Senza dimenticare il fatto che le circolari operative arrivano sempre in ritardo. La dichiarazione di compatibilità da parte della Commissione europea, che oggi blocca alcune agevolazioni rendendole inutilizzabili, obbliga il datore di lavoro a pagare, nell’immediato, i contributi “pieni” che potranno essere recuperati solo dopo il via libera della stessa Unione europea.

Il decreto “sostegni bis”, quello che doveva rappresentare la base per la ripartenza dei livelli occupazionali, ha partorito l’ennesimo topolino insignificante i cui risultati sembrano segnati: il datore di lavoro, in questo scenario di incertezza totale, dovrebbe assumere a tempo indeterminato per usufruire di uno “sconticino” sui contributi di soli sei mesi e per un’agevolazione massima di 3.000 euro. Peraltro, l’agevolazione non vale da subito, ma solo per le assunzioni effettuate dal 1 luglio al 31 ottobre.

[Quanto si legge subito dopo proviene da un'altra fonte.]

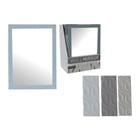 Wall Mirror 12x16 729-05536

Vi sono poi aree di lavoratori totalmente dimenticate. È il caso della fascia tra i 36 e i 49 anni, che continua a perdere occupati (meno 277.000 unità in un anno): si tratta di persone che, espulse dal mercato del lavoro, fanno più difficoltà a rientrarvi e vedono il traguardo della pensione ancora troppo lontano. Nonostante questo quadro, governo e parti sociali continuano a parlare solo del blocco dei licenziamenti, senza mai realmente pensare a quello che accadrà al termine del divieto di licenziare che, prima o poi, arriverà e porterà via 1,5 milioni di posti di lavoro. Ed è evidente che se si insiste solo col reddito di cittadinanza o di emergenza, senza incentivare le assunzioni, il risultato, drammatico, sarà questo.

Adesso più che mai serve coraggio, bisogna davvero riformare questo mercato del lavoro obsoleto, occorre una riforma del lavoro che abolisca il decreto dignità: l’obiettivo complessivo deve essere un mercato del lavoro flessibile, una drastica riduzione del costo del lavoro con agevolazioni contributive di immediato e semplice utilizzo, una riforma degli ammortizzatori sociali con unico sostegno che non gravi sulle casse delle aziende e che, al tempo stesso, garantisca un vero supporto economico ai lavoratori.